December 30th, 2014
It’s been a busy year of speaking and working with a wide range of organizations. The narrative/storymaking skills I’m teaching these days — developed in part in our Connection Storymaker Workshop over the past decade — are relevant to almost any profession — from Deloitte accountants to Monsanto Safety Officers (with the National Safety Council). I work with far more than scientists. And as a result, I see patterns across different demographics. Some audiences are blindly affirming, some are blindly negating, and some are right in the middle.

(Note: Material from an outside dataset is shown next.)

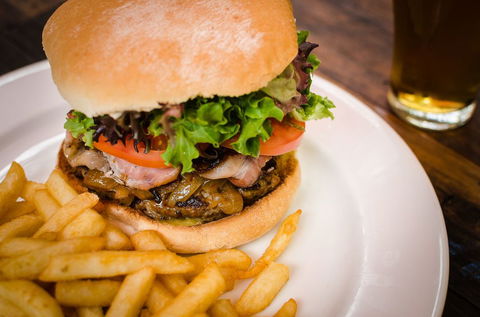 Crown Hotel Wentworth - Kalgoorlie Accommodation 1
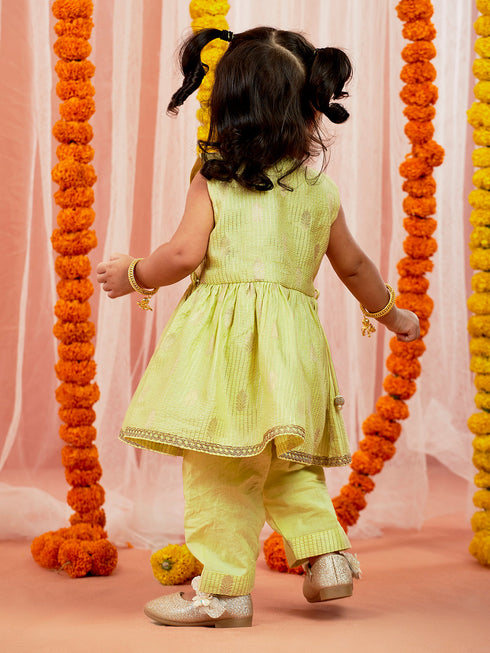 Girl's' Mint Green Kurta Pant Set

I SPEAK ACROSS A BROAD SPECTRUM OF ORGANIZATIONS. These are the 21 talks and workshops I did this year. Folks in the business community (and Hollywood) are more likely to be affirming and visceral, sometimes to an uncritical degree. At the other end of the spectrum, scientists tend to be heavily cerebral and can be blindly negating — dismissing ideas out of hand because there aren’t sufficient data or enough studies, regardless of how interesting the idea might be. Public health, in my experience, seems to hit the best balance.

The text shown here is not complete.